Proficiency by tools

It is seen from the chart that, python is the only tool that is common to all groups, especially all data scientist that have had their hands on a project.

prof_tool <- data_merge %>% 
  select(`Please state your interest of specialization`, 
  `rate your level of proficiency`, 
  `Which of these tools do you have high proficiency in?`) %>%
  mutate(tools=case_when(
    `Which of these tools do you have high proficiency in?` == "SQL" ~ "SQL",
    `Which of these tools do you have high proficiency in?` == "R" ~ "R",
    `Which of these tools do you have high proficiency in?` == "Python" ~ "Python",
    `Which of these tools do you have high proficiency in?` == "PowerBI" ~ "PowerBI",
    `Which of these tools do you have high proficiency in?` == "Excel" ~ "Excel",
    `Which of these tools do you have high proficiency in?` == "Microsoft Excel" ~ "Excel",
    `Which of these tools do you have high proficiency in?` == "None" ~ "None",
    `Which of these tools do you have high proficiency in?` == "None, Just Excel" ~ "Excel",
    `Which of these tools do you have high proficiency in?` == "Excel, tableau and python" ~ "Excel",
  `Which of these tools do you have high proficiency in?` == "Tableau" ~ "Tableau")) %>%
  rename(specialization = `Please state your interest of specialization`,
  proficiency = `rate your level of proficiency`)%>%
  group_by(specialization, proficiency, tools) %>%
  count(specialization, proficiency, tools) %>%
  ungroup() %>%
  arrange(n) %>%
  mutate(p = n / sum(n) )

# Function for Percentage
pct = function(x, digits=1) {
  sprintf(paste0("%1.", digits, "f%%"), x*100)
}

ggplot(prof_tool, aes(x=reorder(tools, -n), y = n)) + 
  geom_bar(stat="identity", fill="steelblue") + 
  labs(x="", y="") + 
  geom_text(aes(label=pct(p, 2), y = n /2 )) + 
  theme(
    axis.text.y=element_blank(),
    axis.ticks.y=element_blank()) + 
  facet_wrap(proficiency~specialization)

Recomendations

About 60% percent have not participated in a project, they should be paired in a group with a data scientist, since all data scientist have experience with projects.
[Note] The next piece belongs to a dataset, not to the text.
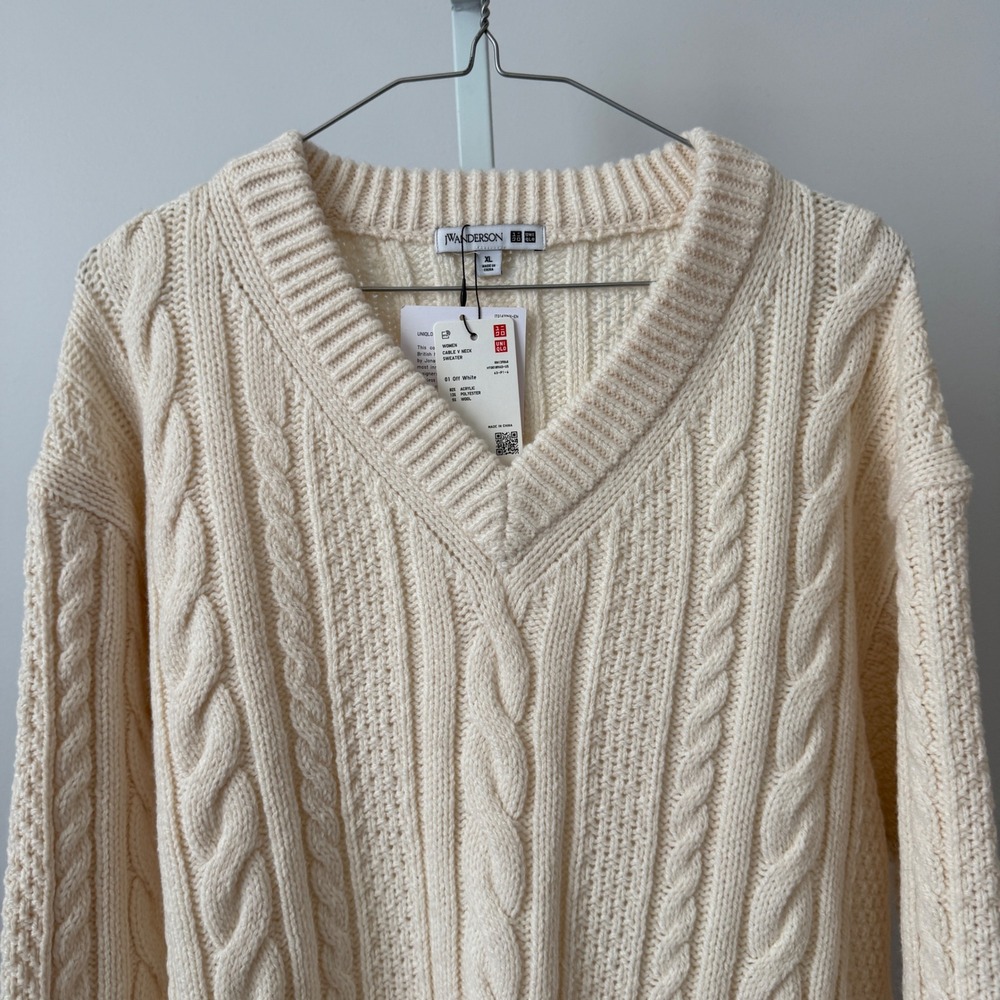 JJW Anderson x Uniqlo sz Mens (L) Womens (XL) Unisex Sweater Tennis Prep Preppy - Picture 2 of 6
All Data scientist have worked on a project, and most them used python, I recommend the community should organize python sessions for data analysts because it gives them more opportunity to work on projects.

Experts should paired with beginners in groups to guide them.

Projects should not be too difficult, since majority of the respondents are beginners and have not participated in projects.

Awareness should be created for using R for data science and Analysis.